また、創業99年を迎える金羊社の歴史を振り返る展示や、社内報の一部を公開するコーナーも設けられ、来場者にとって同社のこれまでと今を深く知る機会にもなっていた。
地元住民のほか、近隣保育園の園児たちが多数来場し、印刷という仕事を身近に感じるきっかけとなっていたことも特色として大きい。保護者や子どもたちが一緒に楽しめる場面も多く、地域と企業の結びつきを感じさせる2日間となった。
色の重なりを学ぶ「フィルムラリー」で印刷の原理に触れる
各フロアにはC(シアン)、M(マゼンタ)、Y(イエロー)、K(ブラック)の4枚のフィルムが散りばめられ、すべてを集めて重ね合わせることで1枚のイラストが完成する「フィルムラリー」が実施された。
重ねる順番によって絵の印象が変化するこの仕掛けは、印刷の基本であるプロセスカラーの考え方を、楽しみながら自然に学べる工夫として、来場者からの好評を博していた。
大人も子どもも熱中した体験コーナーが盛況
フェスタの中でも、特に人気が高かったのが、印刷の魅力を直に体験できる「いろはフェスタ体験コーナー」。ここでは、オリジナルリングノートの制作や、CDジャケットの組み立て体験など、印刷物が完成するまでの流れを“体験”として楽しめるように構成されていた。
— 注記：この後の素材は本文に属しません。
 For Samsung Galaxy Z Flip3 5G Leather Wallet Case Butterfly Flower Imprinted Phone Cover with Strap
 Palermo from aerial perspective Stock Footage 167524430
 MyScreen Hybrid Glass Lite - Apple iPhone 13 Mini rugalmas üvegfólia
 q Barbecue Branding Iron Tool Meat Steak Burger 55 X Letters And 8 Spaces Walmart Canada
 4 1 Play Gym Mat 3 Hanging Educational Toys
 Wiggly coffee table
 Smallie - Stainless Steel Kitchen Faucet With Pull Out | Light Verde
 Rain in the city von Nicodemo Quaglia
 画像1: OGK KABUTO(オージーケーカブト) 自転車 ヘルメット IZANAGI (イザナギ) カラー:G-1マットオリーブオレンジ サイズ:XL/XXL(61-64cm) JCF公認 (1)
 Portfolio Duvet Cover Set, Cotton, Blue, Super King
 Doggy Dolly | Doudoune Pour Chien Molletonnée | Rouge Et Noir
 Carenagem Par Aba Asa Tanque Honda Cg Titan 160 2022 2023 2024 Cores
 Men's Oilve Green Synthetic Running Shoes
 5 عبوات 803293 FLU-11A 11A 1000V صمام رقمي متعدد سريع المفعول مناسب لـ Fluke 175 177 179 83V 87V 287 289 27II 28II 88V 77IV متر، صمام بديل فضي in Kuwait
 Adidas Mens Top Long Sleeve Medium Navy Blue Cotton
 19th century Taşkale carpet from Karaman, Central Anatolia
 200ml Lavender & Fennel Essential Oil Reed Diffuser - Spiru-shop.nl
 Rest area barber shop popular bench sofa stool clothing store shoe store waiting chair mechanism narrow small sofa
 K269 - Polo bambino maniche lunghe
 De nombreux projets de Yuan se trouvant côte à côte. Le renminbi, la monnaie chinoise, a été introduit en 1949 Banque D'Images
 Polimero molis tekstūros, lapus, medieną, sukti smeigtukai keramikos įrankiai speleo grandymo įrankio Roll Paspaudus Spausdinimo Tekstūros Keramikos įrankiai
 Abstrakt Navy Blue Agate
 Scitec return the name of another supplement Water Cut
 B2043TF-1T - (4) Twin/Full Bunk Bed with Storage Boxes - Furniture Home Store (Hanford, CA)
CDジャケット制作体験では、好きなデザインを選び、発注書に記入し、実際に材料を受け取って組み立てる工程が設けられており、お仕事体験のような楽しさが子どもたちに人気だった。
また、DICグラフィックスの協力により開催されたカラーガイドワークショップでは、使わなくなったカラーガイドを活用し、クラフトパンチで穴を開けて台紙に貼ることでオリジナルカードを作成。年齢を問わず、来場者が集中して制作に取り組んでいた。このワークショップは、養護施設や保育園などでも取り入れられている実績を持ち、教育的な意義も高い活動としてフェスタ内でも存在感を示した。
世界の絵本と旅をテーマにした「ワールドライブラリー」ブース
世界の絵本を翻訳出版するサービスを提供している「ワールドライブラリー」は「イギリス旅行」をテーマに、子ども向けのクイズやパスポート風ノベルティを展開。大きなフォトスポットも設置されており来場者は旅行気分を楽しんだ。
さらに28日には巨大絵本の読み聞かせも実施され、小さな来場者が夢中になる光景が広がった。
実践型ワークショップで印刷を体感、モリサワの協力も
実際に手を動かして学べる体験型のワークショップも充実していた。タイルを使った小物入れづくりなどのクラフト系に加え、株式会社モリサワが協力したフォントに関するワークショップも人気を集めた。
校正体験ができる間違い探しや、機械を操作し見本に合わせてバリアブルフォントを作成するゲームなど、文字に関わる仕事を実感できる構成となっており、大人も子どもも真剣に取り組んでいた。
地域クリエイターとつながる「いろはマルシェ」
来場者とものづくり作家が交流できる「いろはマルシェ」では、紙製品や革小物、消しゴムはんこなど、個性豊かなアイテムが並んだ。法人・個人問わず出店があり、大田区出身のクリエイター、ちにゅり氏なども出展。金羊社とクリエイターとのつながりの場として機能していた点も、同イベントの価値を高めていた。